**EXERCISE DESCRIPTION**
An exact reproduction of the listing, minus the pictures, is the required output.

**SUPPLIED DATA**
..........
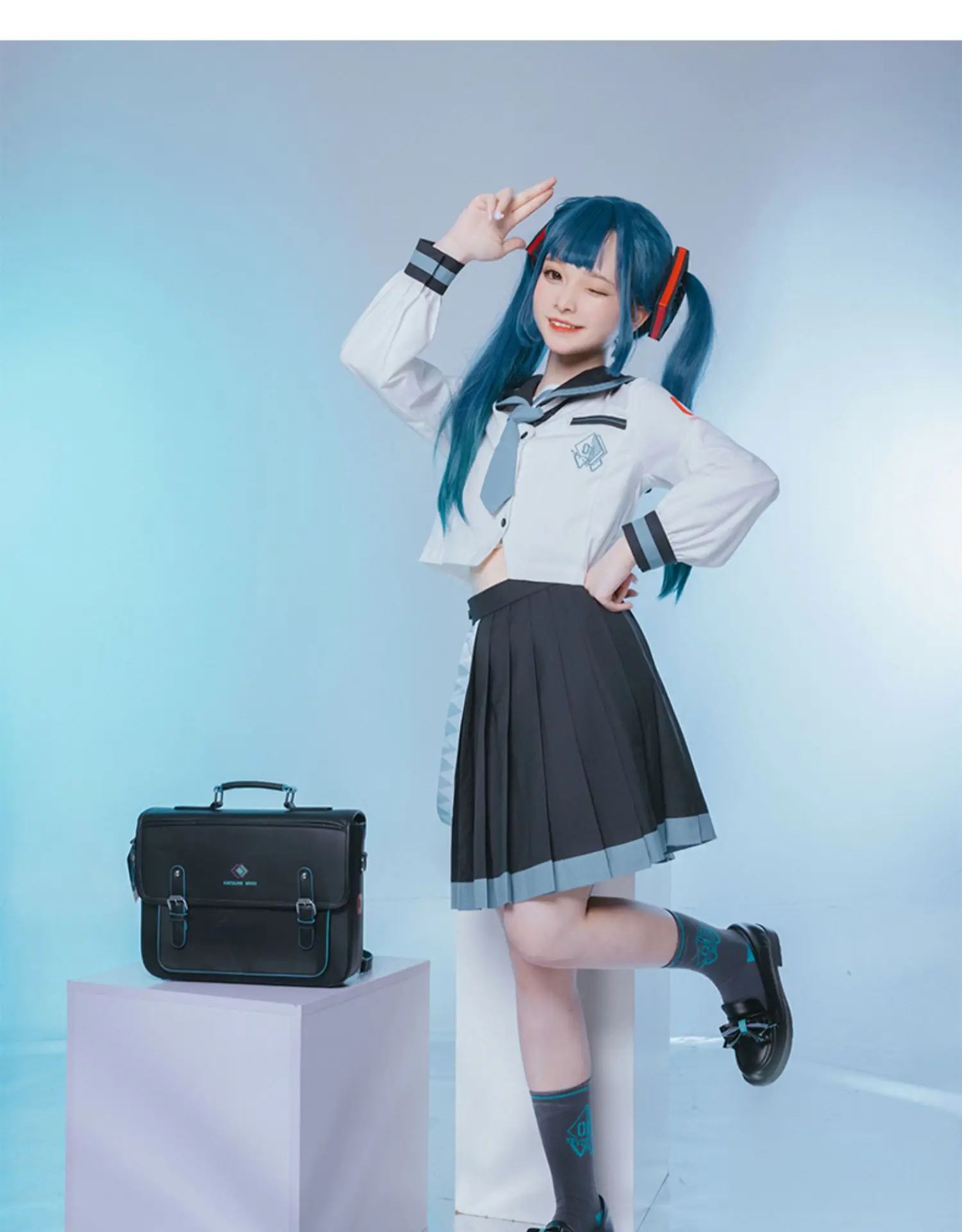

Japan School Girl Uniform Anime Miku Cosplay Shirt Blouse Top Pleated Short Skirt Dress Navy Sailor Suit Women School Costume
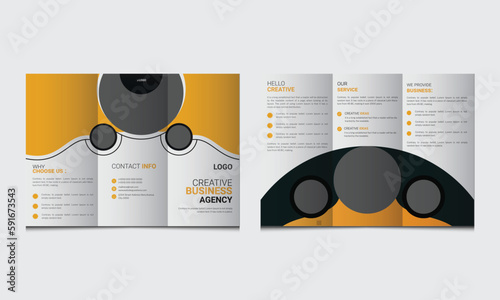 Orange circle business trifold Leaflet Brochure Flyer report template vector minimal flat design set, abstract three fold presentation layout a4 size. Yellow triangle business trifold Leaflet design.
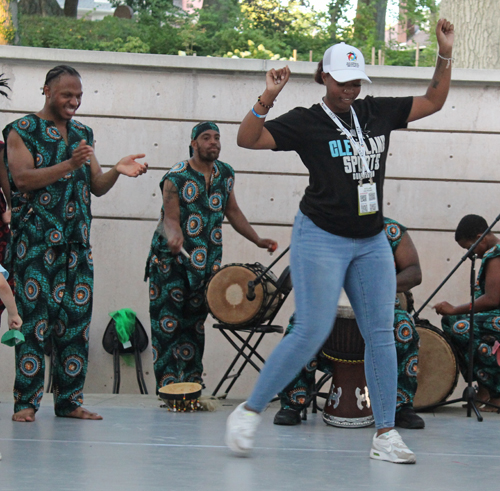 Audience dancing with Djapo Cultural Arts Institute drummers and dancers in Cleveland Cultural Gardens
..........
**RESPONSE TO THE EXERCISE**
Japan School Girl Uniform Anime Miku Cosplay Shirt Blouse Top Pleated Short Skirt Dress Navy Sailor Suit Women School Costume
 Orange circle business trifold Leaflet Brochure Flyer report template vector minimal flat design set, abstract three fold presentation layout a4 size. Yellow triangle business trifold Leaflet design.
 Audience dancing with Djapo Cultural Arts Institute drummers and dancers in Cleveland Cultural Gardens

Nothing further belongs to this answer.